De repente recordó aquellos primeros momentos en el hospital, justo después del accidente. ¿Quién le había acariciado la frente aquella noche? Recordaba una suave voz de mujer, un bálsamo que le había calmado en aquellos instantes de delirio. Al día siguiente le había preguntado a la enfermera si había tenido alucinaciones, y ella le había dicho que era la chica de la coleta, la que llevaba el viejo chubasquero.
Pedro había fruncido el ceño, confundido, sin saber a quién se refería.
«Una chica muy amable», había añadido la enfermera.
Y entonces se había dado cuenta de que había sido Paula.

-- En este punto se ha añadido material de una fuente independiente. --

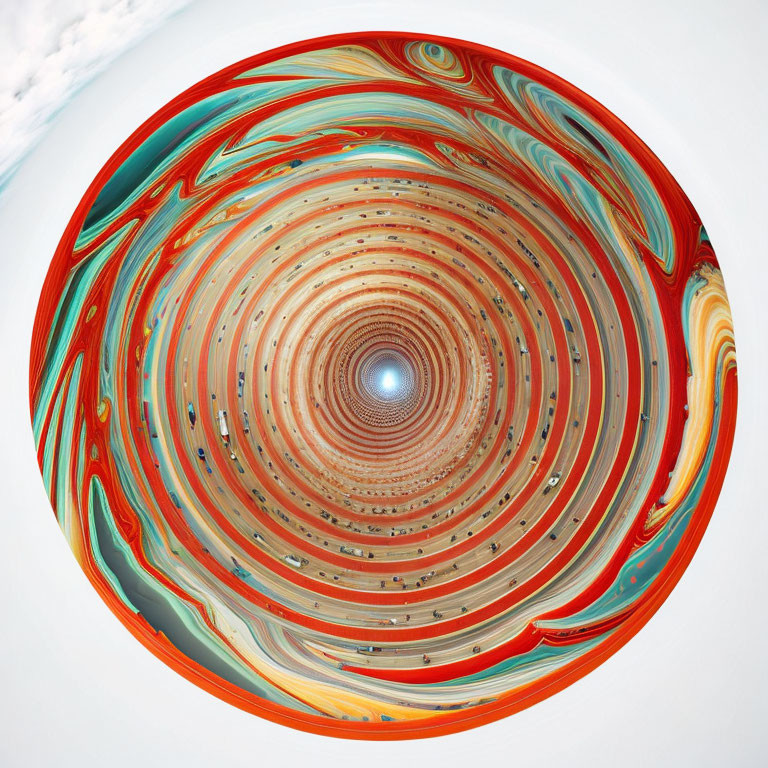 Vibrant circular abstract pattern with swirling red, orange, and turquoise lines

Le había ido a ver unas cuantas veces después de aquello y, por alguna extraña razón, había terminado deseando esas visitas. Ella se sentaba a su lado y le decía que respirara profundamente, que moviera los tobillos. En realidad, se había vuelto bastante dictatorial entonces, pero él había respondido bien a todas sus órdenes. Y de pronto, un buen día, había dejado de ir al hospital, así, sin más.
Pedro agarró su taza de café y bebió un sorbo. Se fijó en sus manos. Eran manos de trabajadora. Llevaba las uñas muy cortas, sin pintar. Su rostro estaba libre de todo maquillaje y su corte de pelo no tenía ninguna forma definida. ¿Cuáles eran sus heridas, esas que no parecían haber cicatrizado?

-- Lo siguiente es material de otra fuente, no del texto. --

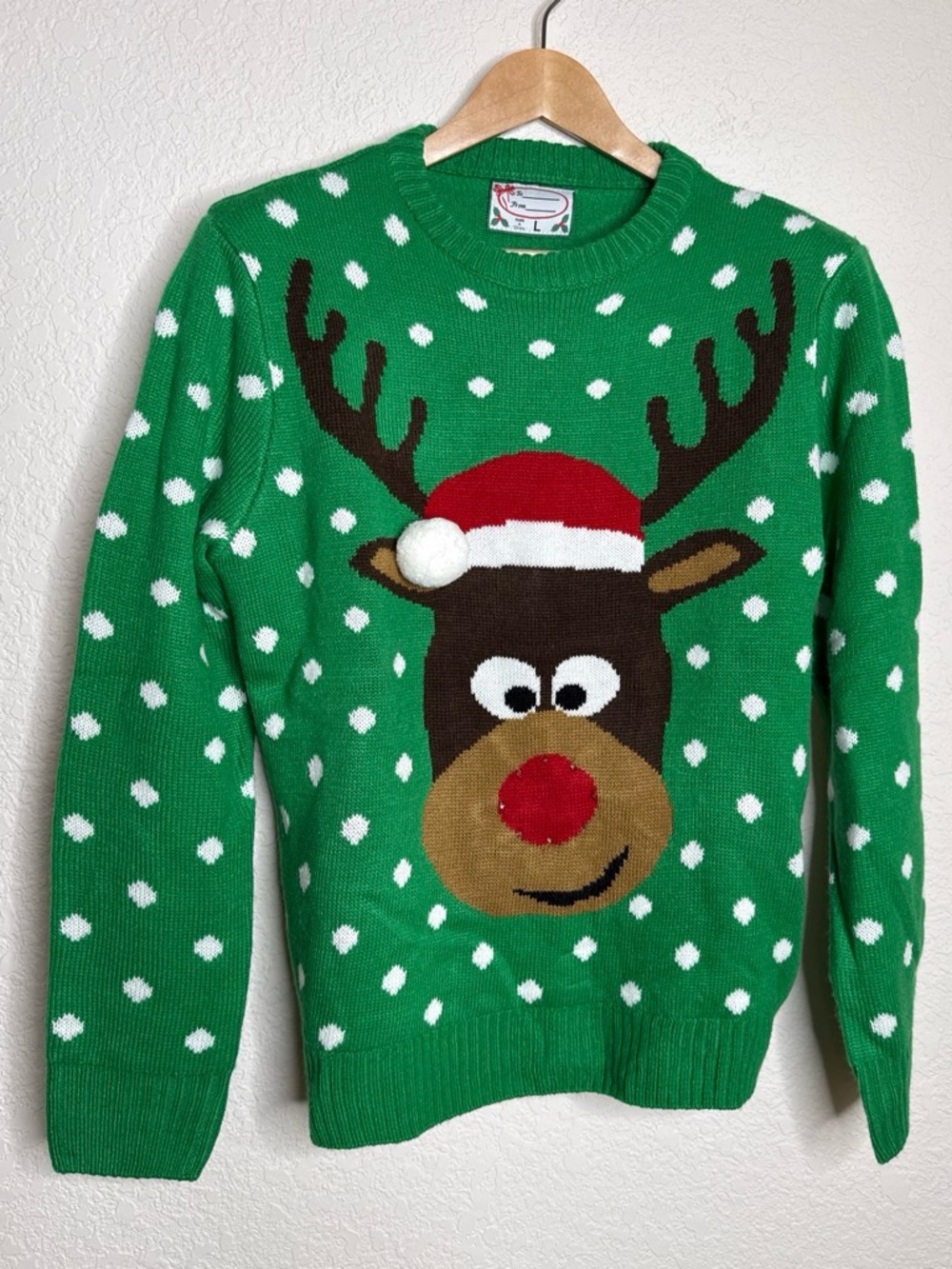 Light-Up Reindeer Ugly Christmas Sweater Green L Holiday Festive Rudolph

–Hace muy mal tiempo –le dijo, ahuyentando esos pensamientos que lo perseguían.
–No podía ser de otra manera. Estamos en Inglaterra.
–Pero no tendríamos por qué estar aquí –Pedro dejó la taza sobre la mesa y la miró–. ¿Tienes pasaporte?
–Sí. Claro.
–Bien –Pedro volvió a agarrar las cartas–. Entonces prepárate para salir mañana a primera hora.
–¿Adónde? ¿Adónde vamos?
–St Jean Cap Ferrat. Tengo una casa allí.
–Quieres decir… –Paula le miró, confundida–. ¿Cap Ferrat, en el sur de Francia?
Pedro arqueó las cejas.
–¿Es que hay algún otro?
–¿Por qué quieres ir allí, y por qué así, de repente?
–Porque me aburro.
Paula le miró con inquietud. Había oído muchas historias acerca de su casa del Mediterráneo, y sabía muy bien cómo era. Por allí paraba la jet set. Alguien como ella jamás podría encajar en un sitio así.
–Creo… creo que prefiero quedarme, si no te importa.
–Pues resulta que sí me importa –dijo Pedro en un tono afilado y cargado de arrogancia–. Te pago una jugosa suma para que me hagas la vida más fácil, y eso significa que tienes que hacer lo que yo quiera. Y mi prioridad ahora mismo es huir de esta maldita lluvia y sentir algo de calor en la piel, así que… ¿Por qué no dejas de mirarme con esos ojos de incredulidad y empiezas a hacer la maleta?